In corporate news, Heineken surged 13% after announcing a buyback and strong beer sales in Brazil and Mexico. ABN Amro Bank jumped 8.9% on robust earnings, while CVS Health issued weaker-than-expected profit guidance. Lyft shares fell after a disappointing outlook, while Super Micro Computer and DoorDash both gained on optimistic forecasts. Meanwhile, Japan urged President Trump to exempt its companies from newly announced tariffs, as trade tensions remain a key market overhang.
With inflation data, Powell’s testimony, and ongoing trade uncertainties, markets remain in a holding pattern, awaiting clarity on the economic trajectory.
Key events this week:
US CPI, Wednesday
Fed Chair Jerome Powell testifies to House Financial Services panel, Wednesday
Fed’s Raphael Bostic and Christopher Waller speak, Wednesday
Eurozone industrial production, Thursday
US initial jobless claims, PPI, Thursday
Eurozone GDP, Friday
US retail sales, industrial production, business inventories, Friday
Fed’s Lorie Logan speaks, Friday
Some of the main moves in markets:
Stocks
S&P 500 futures were little changed as of 7:35 a.m. New York time
Nasdaq 100 futures rose 0.1%
Futures on the Dow Jones Industrial Average fell 0.1%
The Stoxx Europe 600 rose 0.1%
The MSCI World Index was little changed
Currencies
The Bloomberg Dollar Spot Index was little changed
The euro rose 0.1% to $1.0376
The British pound was little changed at $1.2456
The Japanese yen fell 0.7% to 153.60 per dollar
Cryptocurrencies
Bitcoin fell 0.2% to $96,180.86
Ether rose 0.3% to $2,630.32
Bonds
The yield on 10-year Treasuries advanced one basis point to 4.55%
Germany’s 10-year yield advanced two basis points to 2.45%
Britain’s 10-year yield advanced two basis points to 4.53%
Commodities
West Texas Intermediate crude fell 1.1% to $72.49 a barrel
Spot gold fell 0.5% to $2,882.31 an ounce
Take A Look At These Historical Returns
The image above is just a small preview of what this link offers. Dating back to 1928, it tracks the growth of a $100 investment over time across the S&P 500, U.S. Small Cap, Treasury bills, gold, and more. It also highlights inflation rates and annual returns.
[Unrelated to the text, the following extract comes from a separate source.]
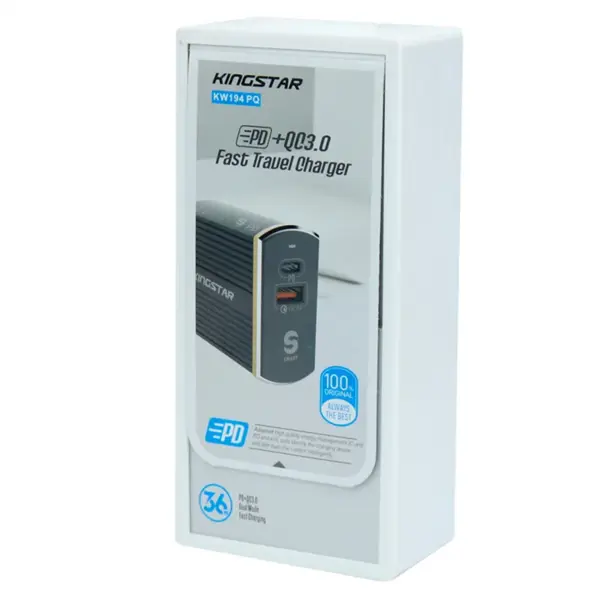 شارژر دیواری KINGSTAR مدل KW194 PQ Kingstar KW194PQ Fast Charge 36W Wall Charger - 4
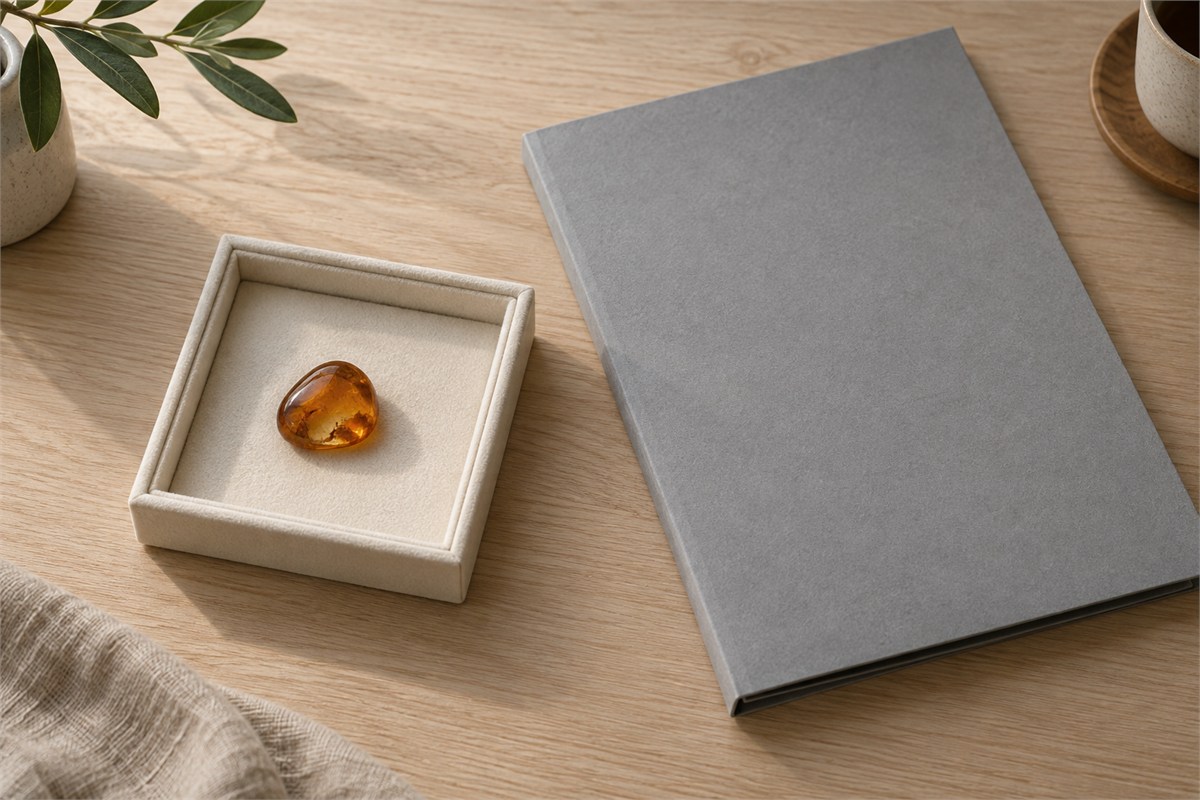 An amber piece in a small padded tray beside a closed unmarked paper folder.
For example, a $100 investment in the S&P 500 (including dividends) in 1928 would be worth $982,817.82 in 2024. Meanwhile, gold would have grown to $12,649.47, and U.S. Small Cap stocks would have reached $4,744,891.59.
It’s an interesting table to explore, especially for anyone who enjoys seeing the long-term impact of compounding and market performance.
Ondo May Be Partnering With World Liberty Financial
Ondo’s partnership with World Liberty Financial is not confirmed. Yesterday morning, Ondo announced the news but quickly removed it, suggesting it may have been released prematurely. Based on the leaked images, the partnership appears to be focused on advancing the adoption of tokenized real-world assets. It would be pretty amusing if World Liberty Financial kept accumulating Ondo tokens while waiting for the official announcement. Regardless, the partnership would make sense given that World Liberty Financial holds 342,000 ONDO, and Eric Trump recently spoke at Ondo’s NYC summit.
More World Liberty Financial News
We now have an official statement from WLFI addressing the purpose behind their aggressive token acquisitions, which they’re calling their “Macro Strategy.” There wasn’t a whole lot behind the announcement other than a lot of generalizations such as, “invest in innovative projects, support ecosystem development, and seize emerging opportunities within the DeFi landscape.” It was also announced that coming soon, there will be a “comprehensive proposal detailing the Macro Strategy” which will be available on the governance forum shortly.
The Legal Battle Between The SEC And Binance Is Put On Pause
The SEC and Binance have jointly requested a 60-day stay in their legal case to allow for potential regulatory developments, particularly the formation of the SEC’s new Crypto Task Force under Acting Chairman Mark T. Uyeda. The SEC originally sued Binance in June 2023, alleging it operated as an unregistered exchange and misled investors—claims Binance denies. Both parties believe pausing the case could lead to a more efficient resolution.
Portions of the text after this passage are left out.